In current kernels, the kernel stack is allocated from the vmalloc() area at process creation time. Among other things, this approach makes the location of any given process's kernel stack hard to guess, since it depends on the state of the memory allocator at the time of its creation. Once the stack has been allocated, though, its location remains fixed for as long as the process runs. So if an attacker can figure out where the kernel stack for a target process is, that information can be used for as long as that process lives.
As it turns out, there are a number of ways for an attacker to do that. Despite extensive cleanup work, there are still numerous kernel messages that will expose addresses of data structures, including the stack, in the kernel log. There are also attacks using ptrace() and cache timing that can be used to locate the stack. So the protection offered by an uncertain stack location is not as strong as one might like it to be.
Cook and Reshetova's patch set (which is inspired by the PaX RANDKSTACK feature, though the implementation is different) addresses this problem by changing a process's kernel stack offset every time that process makes a system call.
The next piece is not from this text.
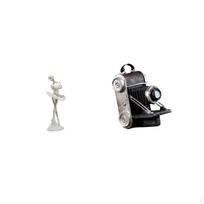 Ballerina Camera Figurine Modern Dancing Girl Resin Art Sculpture Unique Desktop Ornament for black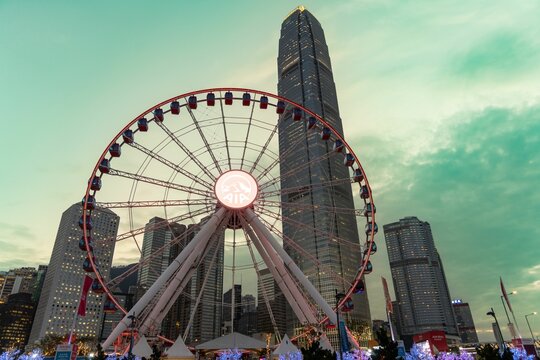 Low angle of The AIA Observation Wheel in central Waterfront Hong Kong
Specifically, it modifies the system-call entry code so that the following sequence of events happens:
- The pt_regs structure, containing the state of the processor registers, is pushed onto the base of the stack, just like it is done in current kernels.
- A call to alloca() is made with a random value. This has the effect of "allocating" a random amount of memory on the stack, which is really just a matter of moving the stack pointer down by that amount.
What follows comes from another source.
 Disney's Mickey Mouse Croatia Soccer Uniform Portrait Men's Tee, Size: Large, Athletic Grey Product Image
- The system call proceeds with its stack pointer in the now randomized location.
In other words, the kernel stack itself doesn't move, but the actual stack contents shift around and are located differently for every system call. That makes any attack that depends on placing data at a specific location in the stack likely to fail; even if the attacker succeeds in figuring out where the stack is to be found, they won't know exactly where any given system call will place its data on that stack.
Pushing the pt_regs structure before applying the randomization is important. The ptrace() attack mentioned above can be used to locate this structure (and thus the kernel stack); if it were located after the offset is applied, such attacks would thus reveal the offset.
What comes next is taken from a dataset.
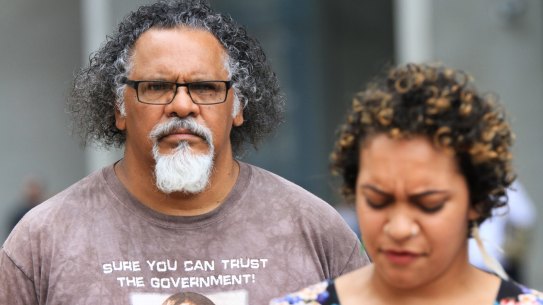 Wangan and Jagalingou traditional owner and council spokesperson Adrian Burragubba and his niece, Murrawah Johnson, speak outside the Brisbane Supreme Court in December after launching another challenge to the Adani Carmichael mine.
Currently, the randomization amount is obtained by reading some low-order bits from the CPUs time-stamp counter. Cook notes that other, more robust sources of entropy can be added in the future, but he doesn't think that needs to be figured out before the current patches can be considered. There are currently five bits of entropy applied to the stack offset on 64-bit systems, and six bits on 32-bit systems. That is not a huge amount of entropy, but it is enough that any attack that depends on precise kernel-stack locations will probably fail — and generate a kernel oops — on the first few tries. More entropy can be added, at the cost of wasting more stack space.
With this feature in use, Cook measured the overhead as being about 0.9% on a no-op system call; it would clearly be less on any system call that does real work. But for people who don't want to pay even that cost, there is a static label to turn the randomization off.
The end result is a relatively simple mechanism to further harden the
kernel against attack. Cook noted that it's
not perfect, adding that "most things can't be
given the existing kernel design trade-offs
". If other developers
agree, per-system-call stack offset randomization is likely to find its
way into the mainline kernel's arsenal of hardening techniques.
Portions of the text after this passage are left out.